[Corpora-List] News from LDC
Linguistic Data Consortium
ldc at ldc.upenn.edu
Tue Aug 25 15:09:29 UTC 2009
*
- LDC at Interspeech 2009 in **Brighton**, **UK** -*
**
*- Arabic English Newswire Translation Collection
<http://www.ldc.upenn.edu/Catalog/CatalogEntry.jsp?catalogId=LDC2009T22>
-
*
*- BioProp Version 1.0
<http://www.ldc.upenn.edu/Catalog/CatalogEntry.jsp?catalogId=LDC2009T04> -
*
The Linguistic Data Consortium (LDC) would like to provide information
on our upcoming conference participation and announce the availability
of two new publications.*
*
------------------------------------------------------------------------
*LDC at Interspeech 2009 in **Brighton**, **UK**, **September 6-10, 2009*
LDC is pleased to announce its participation at Interspeech 2009 in
Brighton, UK. LDC researchers will present papers on the following
topics (conveniently in the same session):
* XTrans: A Speech Annotation and Transcription Tool
Thursday 10 September 2009, Session 2-O4, 13.30 (paper #3)

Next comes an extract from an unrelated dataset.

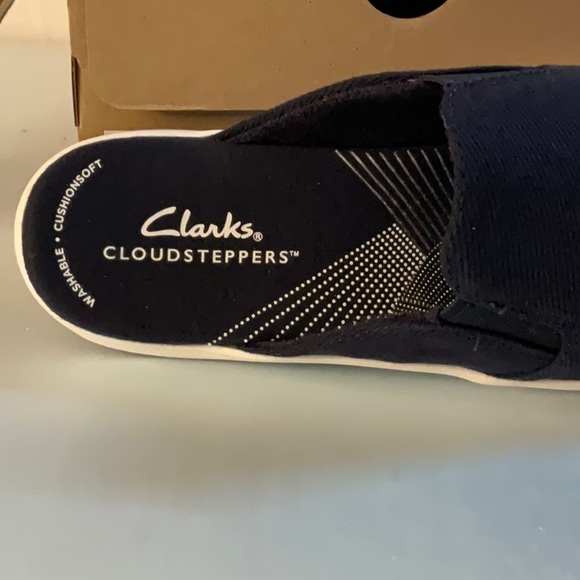 Cloudsteppers by Clark’s. Size 6 navy. Style breeze shore slides. New in box. - Picture 4 of 4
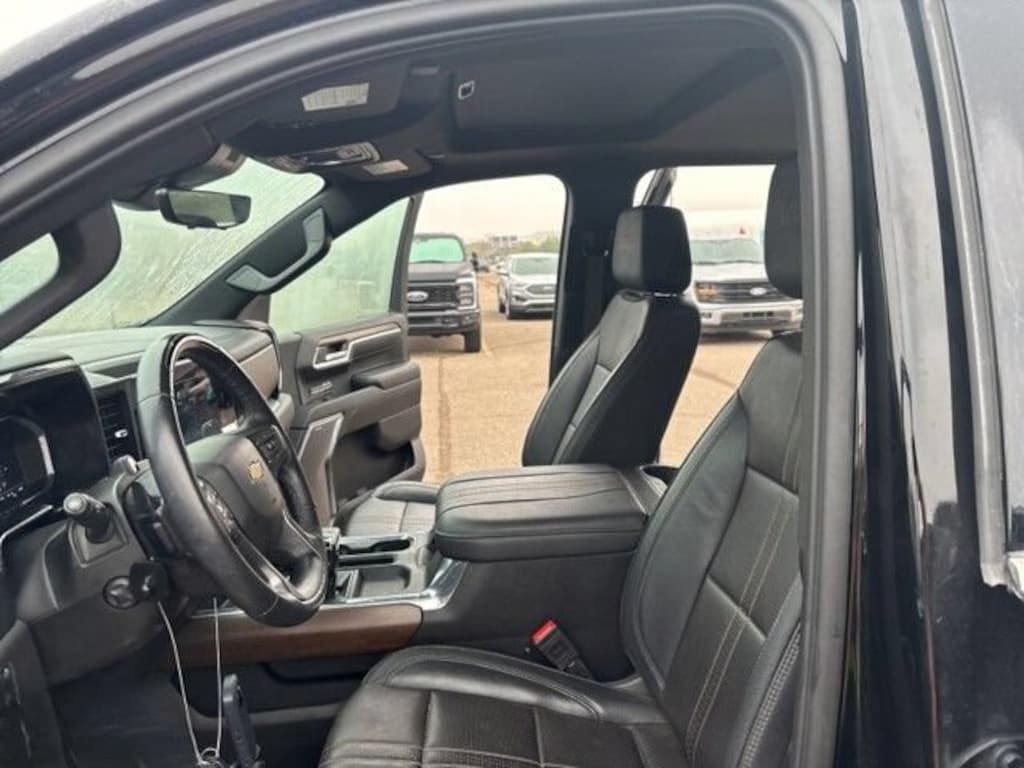 Used 2024 Chevrolet Silverado 1500 High Country Truck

* The Broadcast Narrow Band Speech Corpus: A New Resource Type for
Large Scale Language Recognition
Thursday 10 September 2009, Session 2-O4, 13.30 (paper #6)
Two papers co-authored by LDC's director, Mark Liberman, will also be
presented:
* Automatic Formant Extraction for Sociolinguistic Analysis of Large
Corpora (co-authors Keelan Evanini, Stephen Isard)'
Wednesday 9 September 2009, Session 1-P1 10:00 (paper #3)
* Investigating /l/ Variation in English through Forced Alignment
(co-author Jiahong Yuan)
Wednesday 9 September 2009, Session 3-O2 16:00 (paper #5)
Visit our display in the exhibition hall at the Brighton Centre on
Kings' Road for a special giveaway or just to say hello.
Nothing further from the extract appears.